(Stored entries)
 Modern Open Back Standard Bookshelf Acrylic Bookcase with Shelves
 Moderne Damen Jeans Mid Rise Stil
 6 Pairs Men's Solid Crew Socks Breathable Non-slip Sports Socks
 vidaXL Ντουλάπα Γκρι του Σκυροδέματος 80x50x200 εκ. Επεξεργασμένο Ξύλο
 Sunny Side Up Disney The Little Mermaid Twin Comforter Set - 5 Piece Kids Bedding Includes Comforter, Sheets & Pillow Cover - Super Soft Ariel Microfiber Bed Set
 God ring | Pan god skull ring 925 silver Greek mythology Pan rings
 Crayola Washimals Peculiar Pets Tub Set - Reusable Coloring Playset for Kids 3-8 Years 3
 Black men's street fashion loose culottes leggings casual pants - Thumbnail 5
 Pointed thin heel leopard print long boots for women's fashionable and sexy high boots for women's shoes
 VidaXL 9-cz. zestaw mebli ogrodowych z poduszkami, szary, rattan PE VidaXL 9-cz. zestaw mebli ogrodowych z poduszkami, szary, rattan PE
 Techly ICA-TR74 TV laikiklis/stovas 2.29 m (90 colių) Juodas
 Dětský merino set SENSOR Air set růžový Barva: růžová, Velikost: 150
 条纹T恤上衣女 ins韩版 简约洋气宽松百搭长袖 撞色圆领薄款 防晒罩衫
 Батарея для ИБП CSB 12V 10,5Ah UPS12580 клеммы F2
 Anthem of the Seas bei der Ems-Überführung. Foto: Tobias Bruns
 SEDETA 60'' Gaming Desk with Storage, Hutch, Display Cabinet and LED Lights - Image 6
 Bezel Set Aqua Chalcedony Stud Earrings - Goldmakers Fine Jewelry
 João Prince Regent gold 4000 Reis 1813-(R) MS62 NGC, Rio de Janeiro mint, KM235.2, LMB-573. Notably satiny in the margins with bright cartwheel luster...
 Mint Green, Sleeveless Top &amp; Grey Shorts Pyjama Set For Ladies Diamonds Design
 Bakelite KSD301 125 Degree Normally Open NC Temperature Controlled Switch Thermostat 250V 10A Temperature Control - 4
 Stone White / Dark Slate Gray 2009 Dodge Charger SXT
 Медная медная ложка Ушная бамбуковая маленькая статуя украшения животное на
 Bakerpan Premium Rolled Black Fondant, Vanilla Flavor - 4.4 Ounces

Work to be completed: Starting from the line that contains "Bezel Set Aqua", reproduce each line of the data exactly through the last one.

Result:
 Bezel Set Aqua Chalcedony Stud Earrings - Goldmakers Fine Jewelry
 João Prince Regent gold 4000 Reis 1813-(R) MS62 NGC, Rio de Janeiro mint, KM235.2, LMB-573. Notably satiny in the margins with bright cartwheel luster...
 Mint Green, Sleeveless Top &amp; Grey Shorts Pyjama Set For Ladies Diamonds Design
 Bakelite KSD301 125 Degree Normally Open NC Temperature Controlled Switch Thermostat 250V 10A Temperature Control - 4
 Stone White / Dark Slate Gray 2009 Dodge Charger SXT
 Медная медная ложка Ушная бамбуковая маленькая статуя украшения животное на
 Bakerpan Premium Rolled Black Fondant, Vanilla Flavor - 4.4 Ounces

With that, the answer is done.